The temptation for presidents to employ Navy SEALs and Army Delta Teams indefinitely is real, given that the media and policymakers portray SOF as possessing superhuman and infallible skills. However, as my colleague Max Boot noted in an exceptional overview of what SOF are actually intended to achieve, their uses in kinetic raids are rarely connected to any larger strategy: "From Pakistan to Yemen, there is a tendency to use JSOC, often in cooperation with the CIA, to play ‘whack-a-mole' against terrorist organizations." Gen. Pace echoed this concern in May: "I worry about speed making it too easy to employ force. I worry about speed making it too easy to take the easy answer -- let's go whack them with special operations -- as opposed to perhaps a more laborious answer for perhaps a better long-term solution."

Cyberattacks: Since 2006, according to the National Military Strategy for Cyberspace Operations, it has been U.S. policy that the "[Pentagon] will conduct kinetic missions to preserve freedom of action and strategic advantage in cyberspace" that "can be either offensive or defensive and used in conjunction with other mission areas." There is little clarity over many aspects of U.S. offensive cyber capabilities, including what they are, who authorizes them, and what are the rules of engagement (assuming one can attribute the source of an initial attack and identify a proportional target). A senior U.S. official recently declared: "Those are always classified things. It's not helpful to the United States to give a road map to the enemy to know when something is an attack on the nation and when it is not." Of course, "things" cannot have any deterrent effect on potential adversaries if they are secret, nor are they always classified -- see the Obama administration's Nuclear Posture Review for U.S. nuclear doctrine.

Both Presidents Bush and Obama have reportedly authorized offensive cyberattacks against Iran that had "kinetic-like" effects. In The Inheritance, David Sanger first offered clues about activities covered in a spring 2008 presidential finding that authorized covert action including "efforts to interfere with the power supply to nuclear facilities -- something that can sometimes be accomplished by tampering with computer code, and getting power sources to blow up." This past June, Sanger further revealed that Obama significantly accelerated offensive cyberattacks -- codenamed Olympic Games -- against computers that run Iran's nuclear enrichment facilities.

(In a startling anecdote about the lack of congressional oversight over such covert cyber operations, Representative Dan Lungren wondered aloud at a House Judiciary Committee hearing in July: "Would it bother you to know that the detail that was described in the New York Times, if true, is a level of detail not presented to members of Congress, such as the chairman of the Cybersecurity Subcommittee on Homeland Security, that is, happens to be me.")

Supporting the increased use of drones, special operations, cyberattacks, and other covert military programs has been the tremendous growth in the size and cost of the U.S. Intelligence Community (IC).

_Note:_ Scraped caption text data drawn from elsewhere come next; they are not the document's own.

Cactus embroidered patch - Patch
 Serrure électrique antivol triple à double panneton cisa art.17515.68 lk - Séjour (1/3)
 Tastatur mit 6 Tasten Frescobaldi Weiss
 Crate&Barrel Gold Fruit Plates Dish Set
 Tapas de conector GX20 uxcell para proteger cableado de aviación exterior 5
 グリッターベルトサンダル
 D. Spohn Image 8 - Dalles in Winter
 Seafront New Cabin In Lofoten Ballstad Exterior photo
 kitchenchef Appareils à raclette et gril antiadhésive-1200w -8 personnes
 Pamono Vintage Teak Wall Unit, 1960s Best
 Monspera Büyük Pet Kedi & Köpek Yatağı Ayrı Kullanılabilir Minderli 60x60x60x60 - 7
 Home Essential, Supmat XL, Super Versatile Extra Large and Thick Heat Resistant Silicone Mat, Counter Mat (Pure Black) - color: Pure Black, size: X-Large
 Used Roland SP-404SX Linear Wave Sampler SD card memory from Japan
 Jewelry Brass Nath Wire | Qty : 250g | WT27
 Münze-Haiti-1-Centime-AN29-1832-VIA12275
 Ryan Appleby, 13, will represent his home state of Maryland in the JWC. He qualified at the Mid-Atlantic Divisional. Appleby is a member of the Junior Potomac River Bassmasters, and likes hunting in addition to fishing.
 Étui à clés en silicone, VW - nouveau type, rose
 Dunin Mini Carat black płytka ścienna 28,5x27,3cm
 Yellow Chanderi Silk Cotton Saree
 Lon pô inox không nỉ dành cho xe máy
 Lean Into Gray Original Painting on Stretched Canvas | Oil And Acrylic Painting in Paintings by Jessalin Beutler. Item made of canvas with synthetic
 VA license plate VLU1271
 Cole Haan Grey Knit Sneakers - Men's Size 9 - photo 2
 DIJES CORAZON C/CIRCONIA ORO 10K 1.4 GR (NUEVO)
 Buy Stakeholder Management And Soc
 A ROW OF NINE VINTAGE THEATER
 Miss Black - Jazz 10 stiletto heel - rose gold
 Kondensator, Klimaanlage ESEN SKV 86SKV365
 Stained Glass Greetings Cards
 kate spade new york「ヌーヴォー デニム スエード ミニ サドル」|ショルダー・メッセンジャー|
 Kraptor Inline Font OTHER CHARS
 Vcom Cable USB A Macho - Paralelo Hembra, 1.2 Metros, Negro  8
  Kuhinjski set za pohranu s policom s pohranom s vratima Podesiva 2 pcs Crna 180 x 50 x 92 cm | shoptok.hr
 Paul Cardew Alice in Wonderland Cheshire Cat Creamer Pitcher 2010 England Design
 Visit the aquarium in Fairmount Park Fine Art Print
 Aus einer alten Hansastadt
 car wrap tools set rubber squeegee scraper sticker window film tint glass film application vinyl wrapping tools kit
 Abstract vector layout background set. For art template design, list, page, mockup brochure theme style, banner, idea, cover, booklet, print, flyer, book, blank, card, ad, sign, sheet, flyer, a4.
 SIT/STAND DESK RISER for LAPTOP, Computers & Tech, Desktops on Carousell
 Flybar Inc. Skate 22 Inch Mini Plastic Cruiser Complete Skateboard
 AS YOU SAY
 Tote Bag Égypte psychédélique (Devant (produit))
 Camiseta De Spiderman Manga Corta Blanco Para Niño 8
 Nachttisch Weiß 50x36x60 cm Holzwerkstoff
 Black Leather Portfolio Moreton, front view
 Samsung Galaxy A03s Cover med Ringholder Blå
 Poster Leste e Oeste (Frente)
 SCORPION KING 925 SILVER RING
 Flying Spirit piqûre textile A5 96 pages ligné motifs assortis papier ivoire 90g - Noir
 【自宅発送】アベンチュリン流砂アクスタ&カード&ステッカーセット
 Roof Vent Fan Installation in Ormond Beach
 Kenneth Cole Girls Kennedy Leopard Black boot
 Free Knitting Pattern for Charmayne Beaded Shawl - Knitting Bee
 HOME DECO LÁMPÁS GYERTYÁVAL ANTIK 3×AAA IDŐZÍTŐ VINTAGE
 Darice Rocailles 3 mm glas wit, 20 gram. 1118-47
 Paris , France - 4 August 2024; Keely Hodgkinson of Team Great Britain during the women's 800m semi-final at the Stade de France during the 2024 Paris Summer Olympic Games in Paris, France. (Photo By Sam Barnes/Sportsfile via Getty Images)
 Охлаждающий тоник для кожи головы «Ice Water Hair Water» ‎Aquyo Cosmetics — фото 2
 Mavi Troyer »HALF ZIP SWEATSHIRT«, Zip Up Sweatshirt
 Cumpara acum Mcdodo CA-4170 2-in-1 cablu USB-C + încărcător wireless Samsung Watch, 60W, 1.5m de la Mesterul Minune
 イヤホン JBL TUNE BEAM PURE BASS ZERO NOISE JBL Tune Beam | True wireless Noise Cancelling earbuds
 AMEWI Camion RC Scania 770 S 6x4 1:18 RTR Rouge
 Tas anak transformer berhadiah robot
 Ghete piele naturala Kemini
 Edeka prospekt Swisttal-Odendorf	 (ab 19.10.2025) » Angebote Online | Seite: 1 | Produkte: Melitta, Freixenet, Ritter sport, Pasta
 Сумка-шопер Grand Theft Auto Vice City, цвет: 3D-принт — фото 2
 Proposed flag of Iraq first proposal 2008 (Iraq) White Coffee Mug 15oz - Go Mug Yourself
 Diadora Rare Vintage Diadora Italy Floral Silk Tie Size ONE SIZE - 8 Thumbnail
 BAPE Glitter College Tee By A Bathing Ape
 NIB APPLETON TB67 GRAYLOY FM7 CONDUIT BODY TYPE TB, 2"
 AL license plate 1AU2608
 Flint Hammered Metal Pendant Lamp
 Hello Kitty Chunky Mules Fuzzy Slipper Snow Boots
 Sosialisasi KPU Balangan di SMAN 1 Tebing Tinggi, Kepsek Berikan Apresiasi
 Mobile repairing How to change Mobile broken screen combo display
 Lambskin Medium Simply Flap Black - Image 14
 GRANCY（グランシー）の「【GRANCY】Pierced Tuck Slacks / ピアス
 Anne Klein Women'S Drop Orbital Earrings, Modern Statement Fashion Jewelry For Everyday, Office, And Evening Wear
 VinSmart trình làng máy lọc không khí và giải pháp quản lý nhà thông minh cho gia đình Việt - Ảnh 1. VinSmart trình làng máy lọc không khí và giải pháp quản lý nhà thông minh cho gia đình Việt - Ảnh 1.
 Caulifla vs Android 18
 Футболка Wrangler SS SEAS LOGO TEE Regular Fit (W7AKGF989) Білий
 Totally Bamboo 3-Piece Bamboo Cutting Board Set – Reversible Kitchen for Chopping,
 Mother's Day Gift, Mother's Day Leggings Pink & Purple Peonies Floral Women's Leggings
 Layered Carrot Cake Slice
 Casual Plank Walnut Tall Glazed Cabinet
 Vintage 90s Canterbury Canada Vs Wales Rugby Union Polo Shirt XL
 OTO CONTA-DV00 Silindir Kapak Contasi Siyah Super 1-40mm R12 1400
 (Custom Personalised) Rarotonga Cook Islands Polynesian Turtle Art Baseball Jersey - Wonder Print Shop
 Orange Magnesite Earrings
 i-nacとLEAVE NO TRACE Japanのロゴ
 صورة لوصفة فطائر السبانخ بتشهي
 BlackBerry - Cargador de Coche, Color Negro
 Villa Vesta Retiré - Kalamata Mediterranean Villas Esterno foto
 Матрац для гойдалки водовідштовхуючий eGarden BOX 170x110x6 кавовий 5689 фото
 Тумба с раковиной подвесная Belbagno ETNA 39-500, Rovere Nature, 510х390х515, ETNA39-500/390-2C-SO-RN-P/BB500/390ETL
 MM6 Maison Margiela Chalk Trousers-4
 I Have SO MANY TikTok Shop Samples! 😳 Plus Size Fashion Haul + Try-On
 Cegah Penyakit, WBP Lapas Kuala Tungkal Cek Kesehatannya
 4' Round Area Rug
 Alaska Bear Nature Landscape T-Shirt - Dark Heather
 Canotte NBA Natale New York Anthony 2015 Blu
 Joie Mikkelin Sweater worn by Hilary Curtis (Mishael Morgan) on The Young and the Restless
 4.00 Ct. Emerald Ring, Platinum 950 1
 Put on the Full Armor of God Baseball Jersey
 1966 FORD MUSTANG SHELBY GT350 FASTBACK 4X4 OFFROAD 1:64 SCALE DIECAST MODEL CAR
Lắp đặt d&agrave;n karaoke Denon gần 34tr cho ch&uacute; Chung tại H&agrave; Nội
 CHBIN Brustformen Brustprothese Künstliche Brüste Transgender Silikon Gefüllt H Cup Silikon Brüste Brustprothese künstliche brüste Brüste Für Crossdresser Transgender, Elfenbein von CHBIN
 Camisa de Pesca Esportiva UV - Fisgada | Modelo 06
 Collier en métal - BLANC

In 1998, the intelligence budget was $26.7 billion (based on an accidental leak from that year). In 2012, the IC will spend $75.4 billion for all of its national and military intelligence programs, the scope of which is astonishing. As Dana Priest and William Arkin reported in 2010: "1,271 government organizations and 1,931 private companies work on programs related to counterterrorism, homeland security and intelligence in about 10,000 locations across the United States." This sprawling U.S. intelligence apparatus is estimated to require 210,000 governmental employees and 30,000 private contractors.

Congressional oversight of presidential war-making powers has further dwindled. There are a few libertarian leaning congressional members who raise the War Powers Resolution during hearings with administration officials, although only when the serving president is of the other political party. Sen. Byrd attempted to rally fellow legislators by waving his pocket Constitution and reminding them, "Congress is not a rubberstamp or a presidential lapdog -- obedient and unquestioning. Oversight, oversight, oversight is among our most important responsibilities." Sen. James Webb, who is stepping down in January, cosponsored a bill in May that would require the White House to formally request congressional approval before using the military in humanitarian operations (it would require a vote within 48 hours). Webb noted: "Year by year, skirmish by skirmish, the role of the Congress in determining where the U.S. military would operate, and when the awesome power of our weapon systems would be unleashed, has diminished." Predictably, the bill went nowhere.